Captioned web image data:
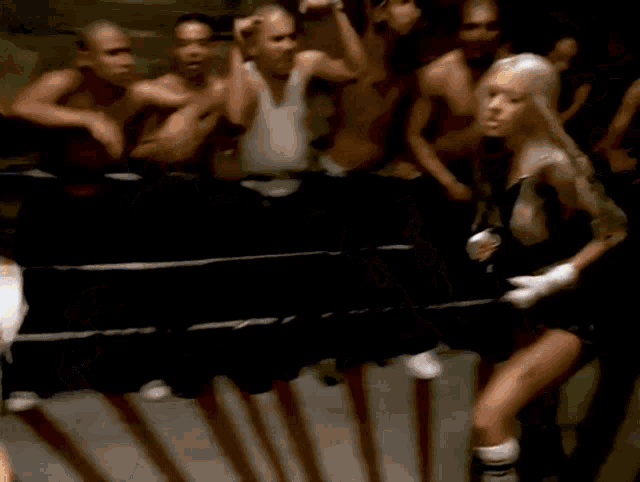 a woman in boxing gloves stands in front of a crowd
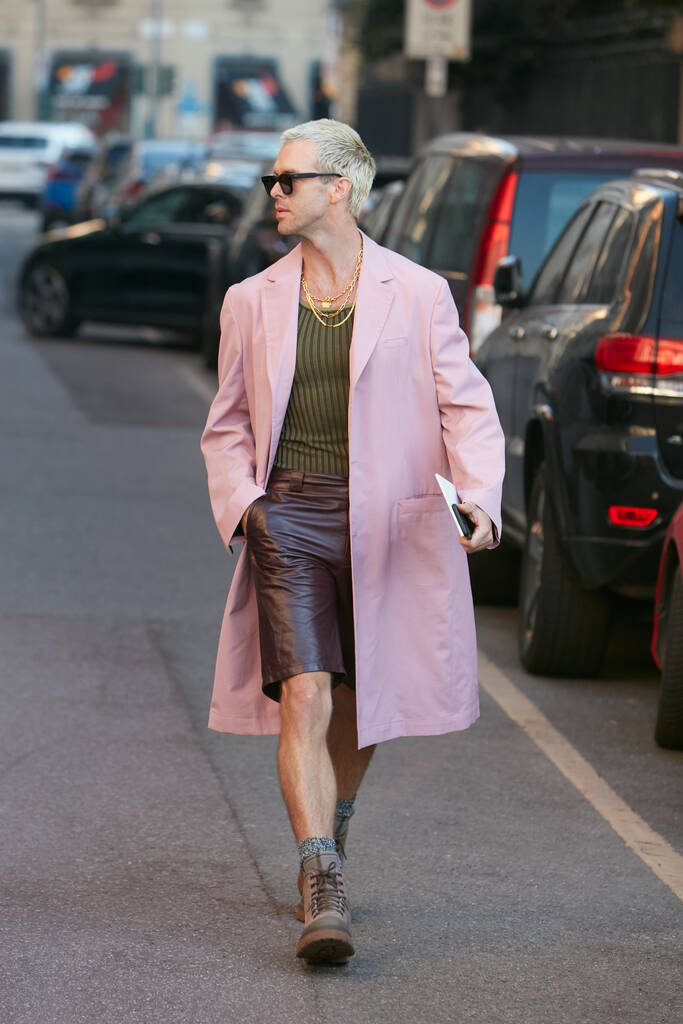 サルヴァトーレFerragamoファッションショー、ミラノファッションウィークストリートスタイルの前にピンクのコートと茶色の革のズボンを持つ男  - 写真・画像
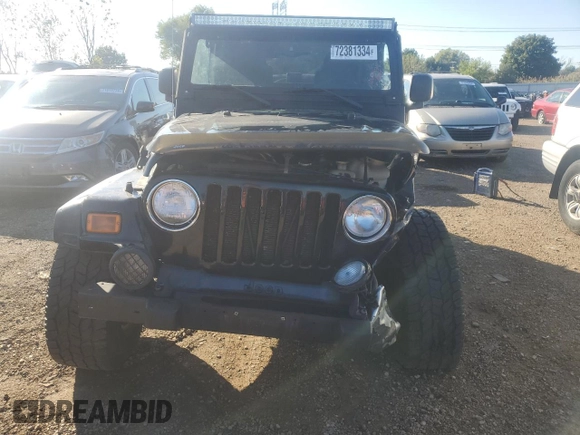 2004 Jeep Wrangler Rubicon with VIN 1J4FA69S44P734355, listed as a Copart auction lot 72381334 with 113,024 mi miles and Salvage Title. Bid and sale history available at carsss.com. Image 5.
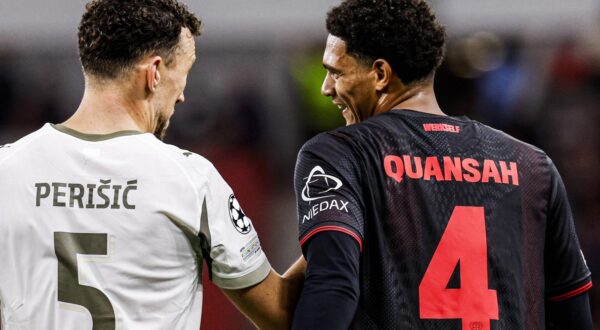 Ivan Perisic of PSV Eindhoven is in discussion with Jarell Quansah of Bayer 04 Leverkusen during the UEFA Champions League 2025/26 League Phase MD2 match between Bayer 04 Leverkusen and PSV Eindhoven at BayArena on October 1, 2025 in Leverkusen, Germany. (Photo by Marcel ter Bals/DeFodi Images)  Photo: Marcel ter Bals/DeFodi Images/DEFODI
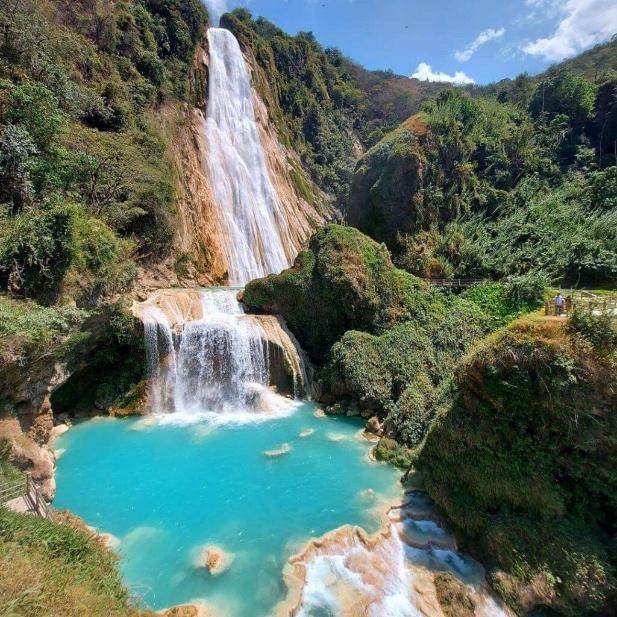 The turquoise cascades of El Chiflón waterfall surrounded by jungle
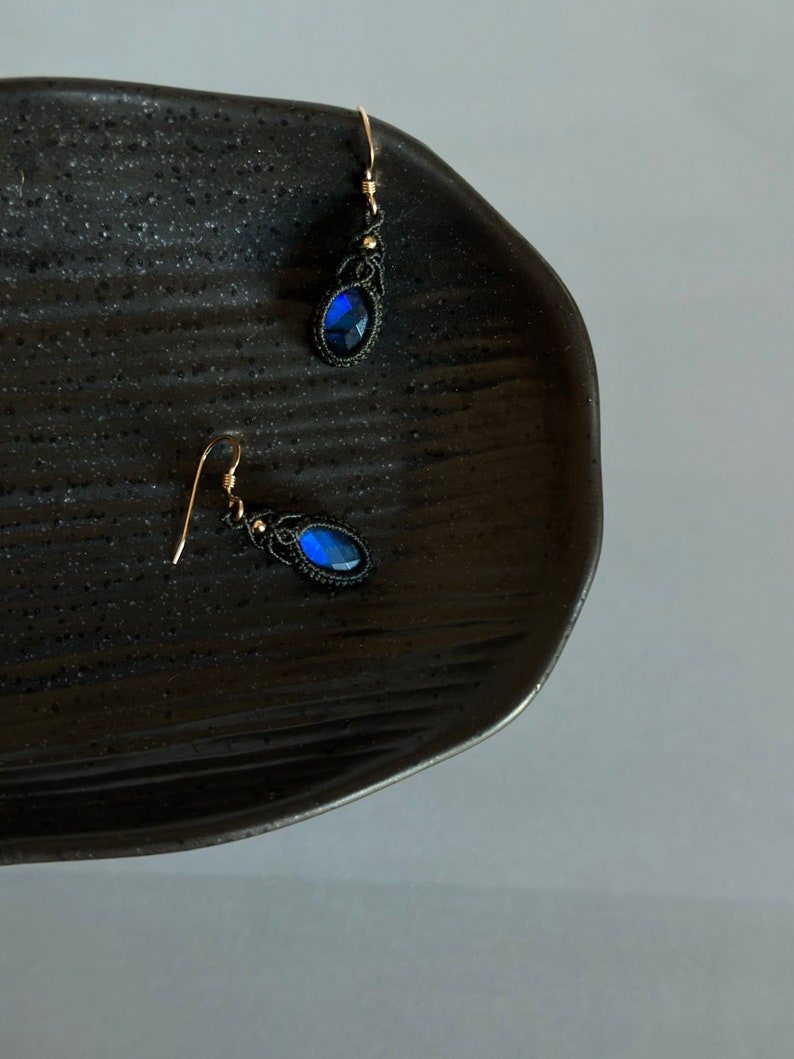 May include: A pair of dangle earrings with blue gemstone accents and black thread wrapped around the metal. The earrings are on a black plate.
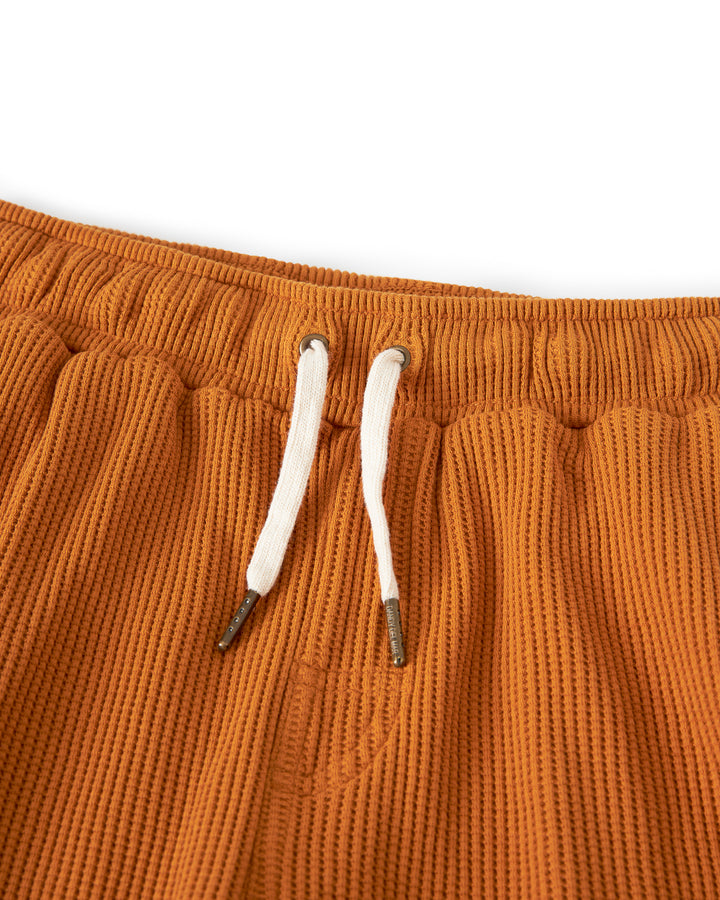 Close-up of The Cannes Waffle Knit Shorts - Burnt Sienna by Dandy Del Mar, with a white drawstring at the elastic waistband, made from waffle knit fabric.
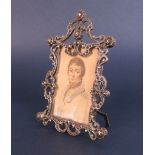 A 19th Century pencil/watercolour Portrait Miniature of a young gentleman in ornate cut steel
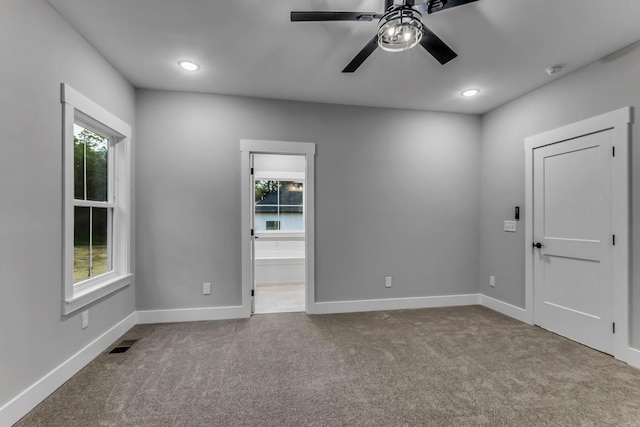 4106 Asbury Rd, Manchester, TN 37355 - unfurnished room featuring healthy amount of natural light, ceiling fan, carpet, recessed lighting, and a smoke detector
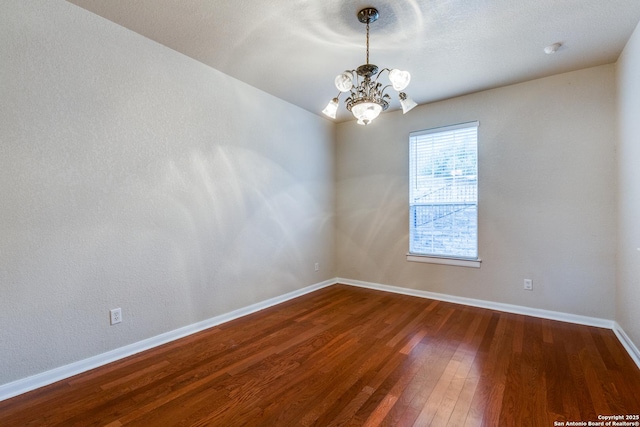 spare room featuring wood-type flooring and a chandelier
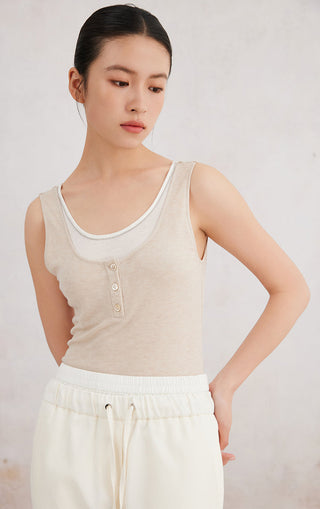 Light gray sleeveless tank with scoop neck and button placket, fitted fabric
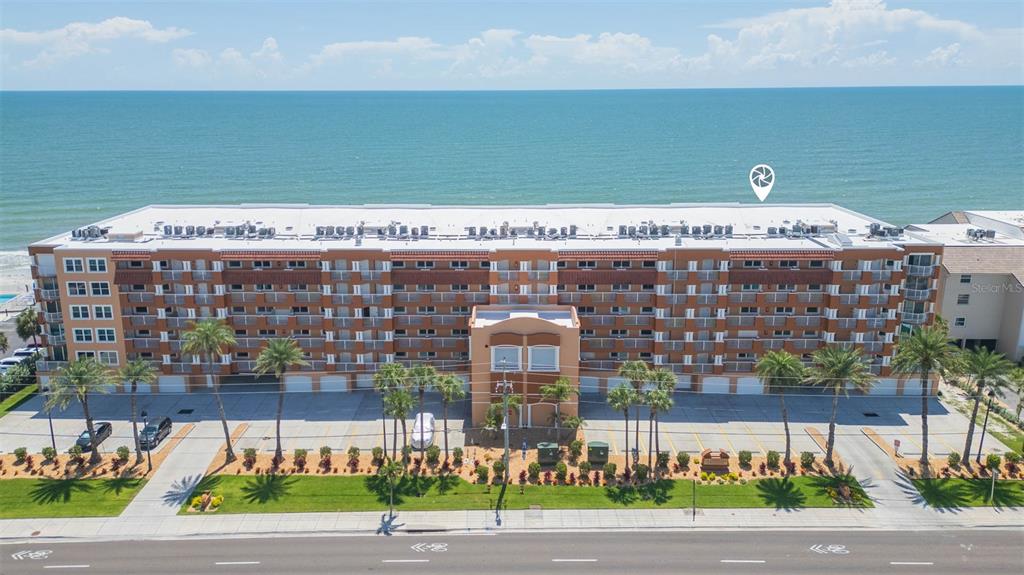 16326 Gulf Boulevard, Unit 109 Redington Beach, FL 33708 - Photo 3 of 63 a view of a building with a street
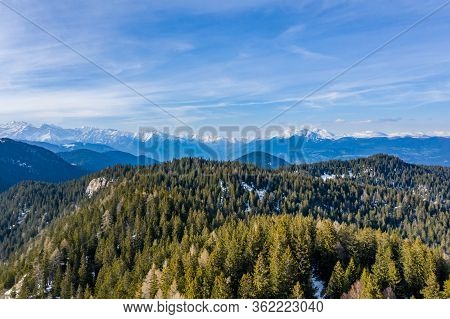 Aerial View Of Huge Valley Of The Mountains Of Italy, Trentino, Green Meadows, Slopes With Green Spr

:: TASK DESCRIPTION ::
Print the stretch of the data from the line with "Close-up of The" through its last line, exactly and with both ends kept. Omit pictures.

:: RESULT OF THE EXERCISE ::
 Close-up of The Cannes Waffle Knit Shorts - Burnt Sienna by Dandy Del Mar, with a white drawstring at the elastic waistband, made from waffle knit fabric.
 A 19th Century pencil/watercolour Portrait Miniature of a young gentleman in ornate cut steel
 4106 Asbury Rd, Manchester, TN 37355 - unfurnished room featuring healthy amount of natural light, ceiling fan, carpet, recessed lighting, and a smoke detector
 spare room featuring wood-type flooring and a chandelier
 Light gray sleeveless tank with scoop neck and button placket, fitted fabric
 16326 Gulf Boulevard, Unit 109 Redington Beach, FL 33708 - Photo 3 of 63 a view of a building with a street
 Aerial View Of Huge Valley Of The Mountains Of Italy, Trentino, Green Meadows, Slopes With Green Spr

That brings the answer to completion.